Dataset Documentation for the 2015 DCLDE Workshop

The DCLDE 2015 dataset consists of data from multiple deployments of high-frequency acoustic recording packages (Wiggins and Hildebrand, 2007) deployed in the Southern California Bight. Separate sets of development data are provided for mysticetes and odontocetes. The mysticete data have been decimated to 1 and 1.6 kHz bandwidth and the odontocete data bandwidth consists of data with 100 and 160 kHz of bandwidth. Data were selected to cover all four seasons and from multiple locations. If you would like to learn how to access these datasets, please check out Dataset Retrieval.

High-Frequency Data

This full-bandwidth data sets consists of annotated data from multiple odontocete species:

  • Berardius bairdii - Baird’s beaked whale
  • Ziphius cavirostris - Cuvier’s beaked whale
  • Physeter macrorhynchus - Sperm whale
  • Lagenorhynchus obliquidens - Pacific white-sided dolphin
  • Grampus griseus - Risso’s dolphin
  • Phocoenidae - unspecified porpoise
  • Odontoceti - odontocete other than those described above

The goal for this dataset is to identify acoustic encounters of a species during times when animals were echolocating. Analysts examined data for echolocation and approximated the start and end times of acoustic encounters. Any period that was separated from another one by five minutes or more was marked as a separate encounter. Whistle activity was not considered. Consequently, while the use of whistle information during echolocation activity is appropriate, reporting a species based on whistles in the absence of echolocation activity will be considered a false positive for this classification task.

Low-Frequency Data

The dataset consists of annotated data for specific calls from two mysticete species:

  • Balaenoptera musculus - blue whale D calls (Thompson, 1965)
  • Balaenoptera physalus - fin whale 40 Hz calls (Watkins, 1981)

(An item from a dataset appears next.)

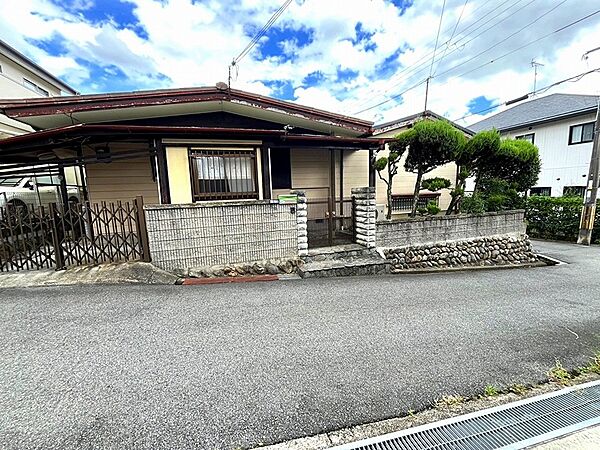 穏やかな住宅街に佇む。ゆとりある暮らしを始めませんか。リフォームのご相談も承ります。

The goal for this dataset is to identify specific blue whale D and fin whale 40 Hz calls.

Data Format

Acoustic data are provided as wav files, with the filename encoding the site, deployment, and starting timestamp of each file.

High frequency example: CINMS17B_DL37_111226_042730.x.wav

  • CINMS17B indicates the 17th deployment at Channel Islands National Marine Sanctuary, this deployment at site B. Other project names are SOCAL (Southern California) and DCPP (Diablo Canyon Power Plant).
  • DL37 - Is the data logger identifier.
  • Recording started at 2011 December 26 at 04:27:30. All times are UTC.

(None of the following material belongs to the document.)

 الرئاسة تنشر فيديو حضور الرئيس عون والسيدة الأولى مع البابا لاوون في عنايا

Low frequency files are similar but contain additional fields in the filename related to the decimation.

Deployment Locations

Data are provided from seven different locations recorded between 2009-2013 offshore Southern California as shown in the figure below. The accompanying table lists the coordinates, and depth of the various sites. Time periods should be inferred directly from the data as the low- and high- frequency datasets sample different times.

Deployment Locations
Project Site Deployment (Preamp) Depth (m) Sample Rate (kHz) Latitude Longitude
CINMS B 17 (646)
18 (618)
600 200 34-17.0 N 120-01.7 W
CINMS C 18 (645)
19 (669)
800 320 34-19.5 N 120-48.4 W
DCPP A 1 (688) 65 320 35-36.7 N 121-14.5 W
DCPP B 1 (686) 100 320 35-09.6 N 120-53.1 W
DCPP C 1 (682) 1000 200 35-24.0 N 121-33.8 W
SOCAL E 32 (452)
33 (481)
1300 200 32-39.4 N 119-28.4 W
SOCAL R 35 (567)
38 (591)
1200 200 33-09.6 N 120-00.6 W


Preamplifiers for HARPs have been calibrated and two Matlab routines have been developed and will be provided along with the data to show how to apply the appropriate transfer function. All necessary files (including the Matlab functions) are available for download.

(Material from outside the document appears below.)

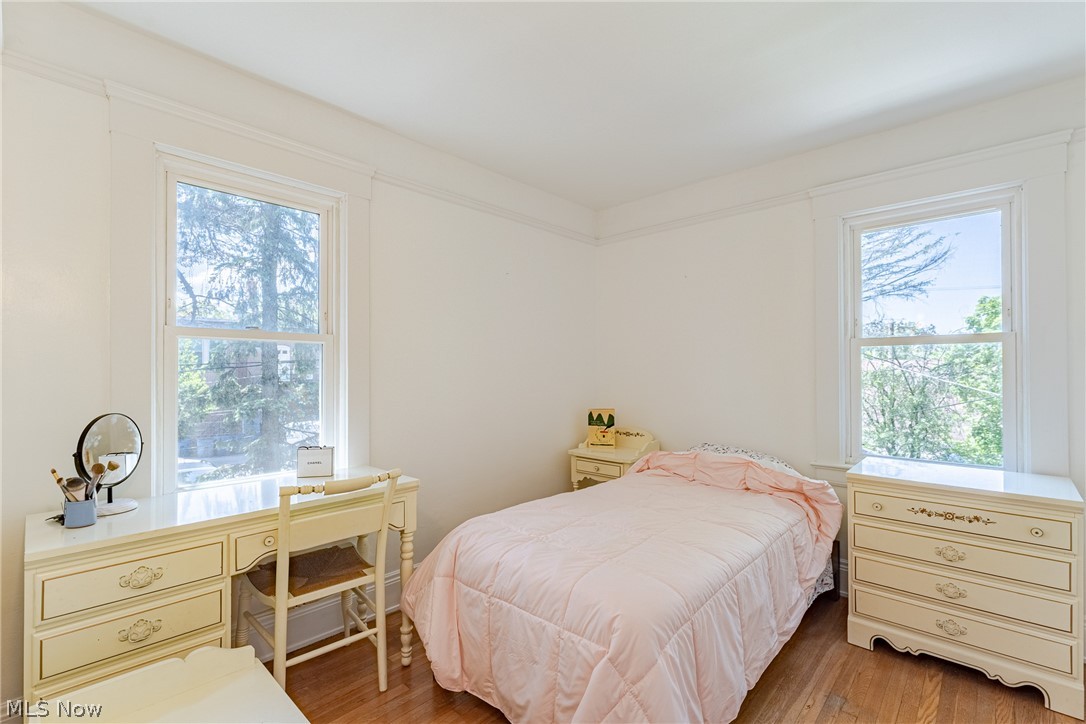 Shaker Lakes 02 - Residential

  • gettransferfn(filename, BinsHz) - Assuming that the transfer function folder is in the same folder as this function, it will parse the filename and load the appropriate transfer function. The function will be sampled at the frequency bin center frequencies provided in BinHz and the appropriate offsets will be returned.
  • tfadjustexample() - This simple function prompts the user for a filename, reads the first 1/10th of a second of data and produces a plot of sound pressure level after applying the transfer function.

Annotation and Determining Results

We are using comma separated value files as input to routines that compute the precision and recall as well as coverage and fragmentation for encounters (see Roch et al., 2011 for details). The following species abbreviations should be used:

Abbreviation Species
Bb Berardius bairdii - Baird’s beaked whale
Zc Ziphius cavirostris - Cuvier’s beaked whale
Pm Physeter macrorhynchus - sperm whale
Lo Lagenorhynchus obliquidens - Pacific white-sided dolphin
Gg Grampus griseus - Risso's dolphin
UPP Phocoenidae - unspecified porpoise
UO unidentified odontocete
Bm Balaenoptera musculus - blue whale
Bp Balaenoptera physalus - fin whale

For encounter level tests, the result file should contain comma separated value (CSV) entries with each line as follows:

project, site, species-abbreviation, start-time, end-time

Time stamps are provided as follows: YYYY-MM-DDTHH:MM:SS with an optional decimal and fractional seconds following the seconds field:

Example for Risso’s dolphin detection at CINMS site B: CINMS, B, Gg, 2011-12-27T15:51:47.0, 2011-12-26T16:59.07.0

Call level results for blue and fin whales are similar, with the addition of a final call name which is either “D” or “40Hz”:

DCPP, C, Bp, 2013-02-04T15:13:15.8, 2013-02-04T15:13:16.3, 40Hz

Spaces between fields may be included or omitted. A scoring script will be provided by the conference organizers in March so that participants can evaluate their algorithms’ performance on the development data. Ground truth data based on trained analyst annotations is provided for the development data set.

A separate evaluation data set will be provided in May without answers, and participants wishing to be part of the algorithm comparison will be able to submit their detector’s CSV files via the conference web site. The evaluation dataset will contain additional weeks of data from the sites that have been included in the development set and data from a site that was not present in the development set.

Literature Cited:

Roch, M. A., Brandes, T. S., Patel, B., Barkley, Y., Baumann-Pickering, S. and Soldevilla, M. S. (2011). Automated extraction of odontocete whistle contours. J Acoust Soc Am 130, 2212-23, doi:10.1121/1.3624821.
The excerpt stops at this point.